En assistant à ce spectacle, on réalise également l’énorme malentendu concernant Aïda. On a depuis longtemps catalogué cet opéra comme un péplum apparemment grandiose et populaire destiné à de grands espaces permettant d’accueillir les armées égyptiennes, le cortège des esclaves éthiopiens et le défilé des animaux d’Afrique. D'année en année, on assiste à des représentations de plus en plus spectaculaires mais souvent défigurées. Cette conception d’Olivier Py permet de redécouvrir que Aïda est un des opéras les plus intimistes de Verdi. Les épisodes grandioses s’entremêlent avec virtuosité aux nombreux moments d’introspection touchante des protagonistes. 

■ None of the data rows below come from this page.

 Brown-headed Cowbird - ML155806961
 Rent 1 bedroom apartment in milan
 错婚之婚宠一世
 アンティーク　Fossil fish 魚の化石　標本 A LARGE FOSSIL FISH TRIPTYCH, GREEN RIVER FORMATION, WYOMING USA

Philippe Jordan, directeur musical
 et grand triomphateur de la soirée
Philippe Jordan nous offre une direction musicale tout en finesse et noblesse dramatique, devenant aérienne et poétique lors des arias et duos. Les chœurs sont sublimes qu’ils soient en lointains murmures ou en ensemble tonitruant.

Oksana Dyka est une Aïda convaincante, peut-être encore un peu jeune sans beaucoup de chair et de nuances. Son aisance est palpable mais les aigus manquent de moelleux. Marcelo Alvarez est un magnifique Radames plein d’ardeur. Il n’est pas habité par le désir mystique de disparaître dans le rôle mais son timbre et ses nuances font merveille. Avec sa dimension vocale Luciana d’Intino s’installe dans le rôle d’Amneris avec beaucoup de conviction et de talent.

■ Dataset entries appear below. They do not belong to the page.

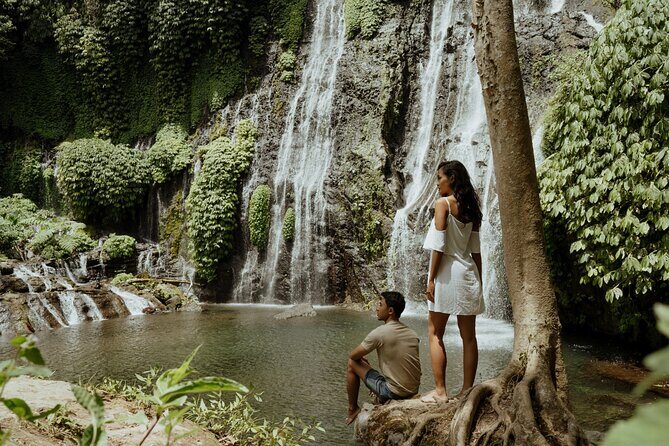 North Bali Hidden Gems Tour Ulun Danu Temple Twin Lakes Waterfall - What kind of traveler should book this?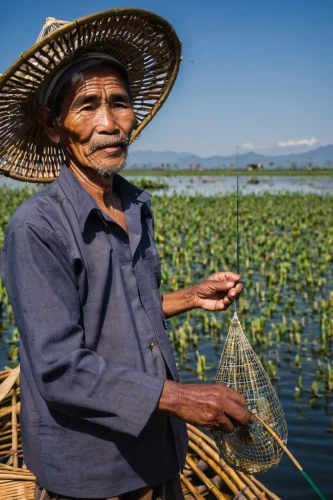 inle lake,paddy harvest,mekong,myanmar,monopod fisherman,nymphaea,cambodia,bangladeshi taka,vietnam,lotus plants,kampot,nepali npr,rice cultivation,vietnam's,the shrimp farm,laos,burma,lugu lake,bangladesh,aquaculture,Illustration,Children,Children 02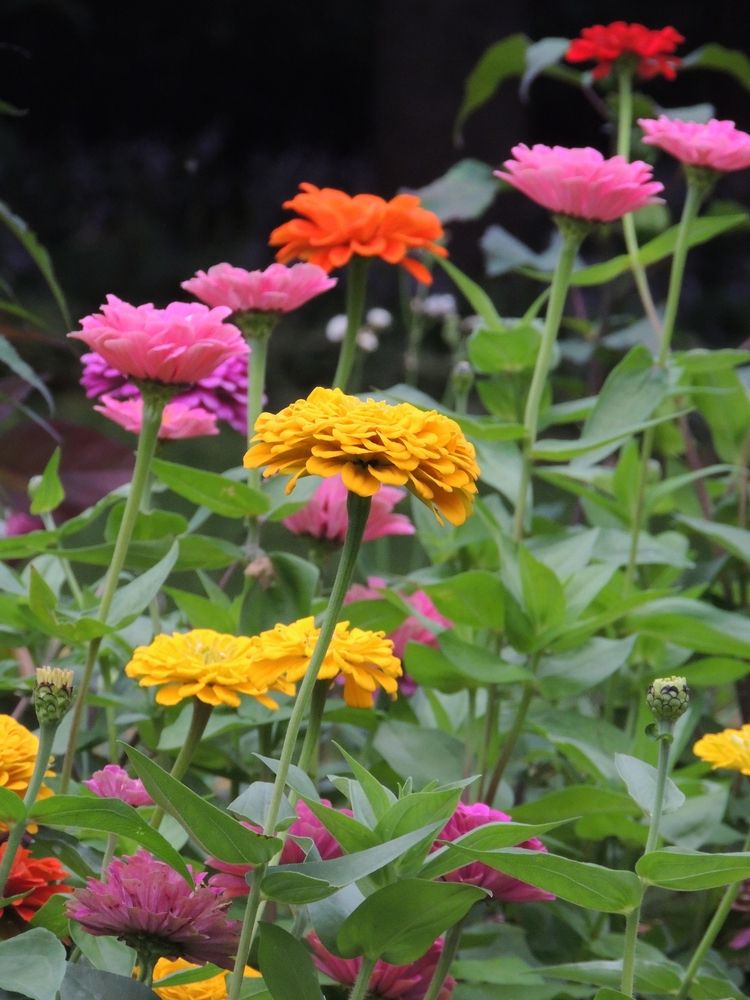 Vibrant flowers at Munsinger and Clemens Gardens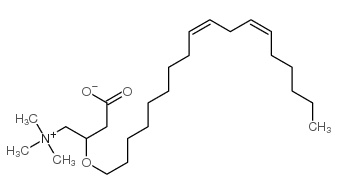 Linoleyl carnitine structure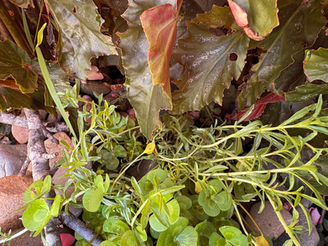 Creating a Micro Wetland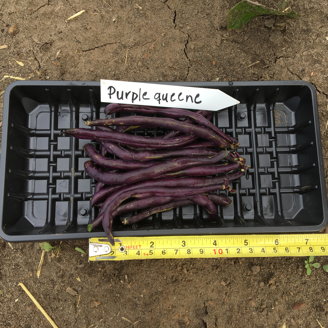 Picture of Buskbrytböna Purple Queen
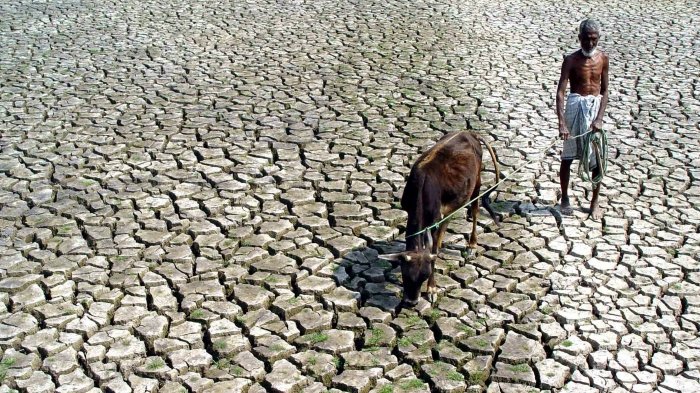 100 Juta Warga Miskin di India Hadapi Bencana Kekeringan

Quand Verdi compose Aïda en 1870, il honore un contrat avec le pacha d’Egypte de l’époque pour célébrer l’inauguration du Canal de Suez. Le spectacle devait être conforme à ce que l’on savait de l’Egypte ancienne. Mais il ne se déplaça pas pour la première au Caire en décembre 1871 car il n’eut pas la distribution qu’il souhaitait. Ce fût pourtant un énorme triomphe suivi par celui obtenu à la Scala de Milan deux mois plus tard. Aïda devint alors un des opéras les plus populaires de Verdi.


Aïda - Opéra en quatre actes de Verdi, livret d’Antonio Ghislanzoni - Mise en scène d’Olivier Py - Décors et costumes de Pierre-André Weitz – Lumières de Bertrand Killy
Oksana Dyka (Aida), Marcelo Alvarez (Radames), Luciana D’Intino (Amneris), Sergey Murzaev (Amonasro), Roberto Scandiuzzi (Ramfis), Carlo Cigni (Il Rè), Elodie Hache (Sacerdotessa) - Chœur de l’Opéra national de Paris - Direction : Patrick-Marie Aubert
Orchestre de l’Opéra national de Paris - Direction musicale Philippe Jordan
Opéra Bastille, 14 novembre 2013
Photos Opéra national de Paris ©Elisa Haberer


1 commentaire:

  1. Votre blog est épatant et vos analyses toujours hautement pertinentes.

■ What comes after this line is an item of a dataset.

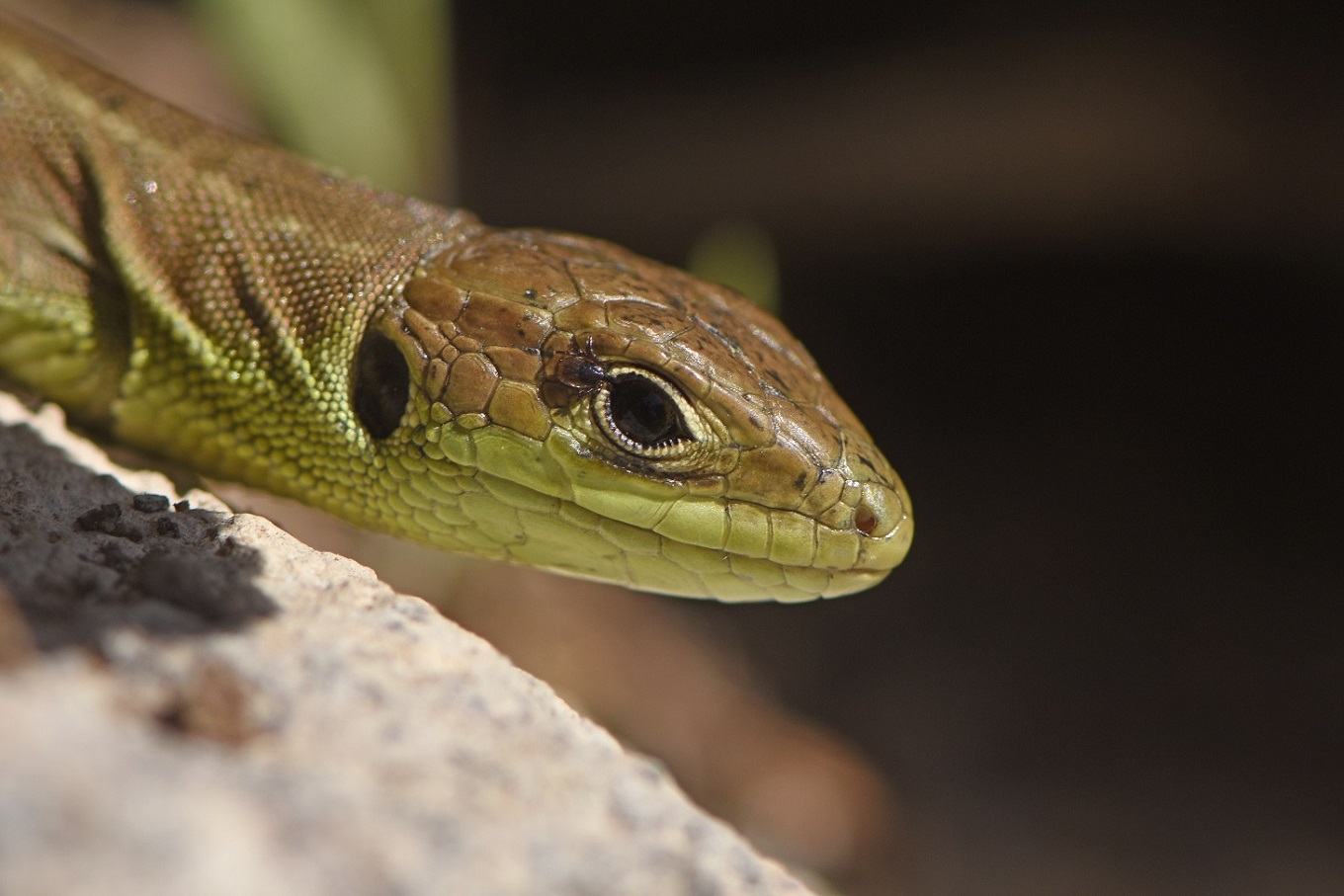 Ramarro occidentale (Lacerta bilineata)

    Toutefois, ayant assisté à la représentation (12 novembre), je me permets quelques commentaires.
    La mise en scène en 2D (pratiquement tout se déroule sur un plan vertical, comme cet ancien jeu télévisé "L'Académie des Neuf") est assez rigolote mais prive tout l'opéra de profondeur et d'ampleur.
    Comme vous l'avez judicieusement noté, ça permet au moins de rendre à une grande partie de l'opéra l'intimité qu'on avait perdue avec les courses de char et les défilés d'esclaves.
    Mais globalement, je trouve que ça dessert l'ensemble et le prive du souffle qui anime nécessairement tout grand opéra (j'étais accompagné par une personne plutôt novice : j'ai bien vu qu'elle s'enquiquinait beaucoup ; c'est un signe).
    Après avoir vu plusieurs mises en scène de Py, j'en arrive d'ailleurs à me demander si son indéniable originalité pleine de trouvailles n'est pas un peu superficielle et pas toujours au service de l'œuvre (cette position scandaleuse mérite débat, je le reconnais).

    Par ailleurs, je n'ai pas aimé mon Aida (le 12 novembre : Lucrecia Garcia).
    Je ne parle pas de son physique un peu étrange (un petit pot à tabac hyper nourri pour une esclave), mais bien de son jeu.
    Une belle voix certes, mais vraiment trop appuyée dans les effets. C'était presque crié par moments. J'ai pas du tout aimé.

    Sur le reste, vous avez raison, comme toujours.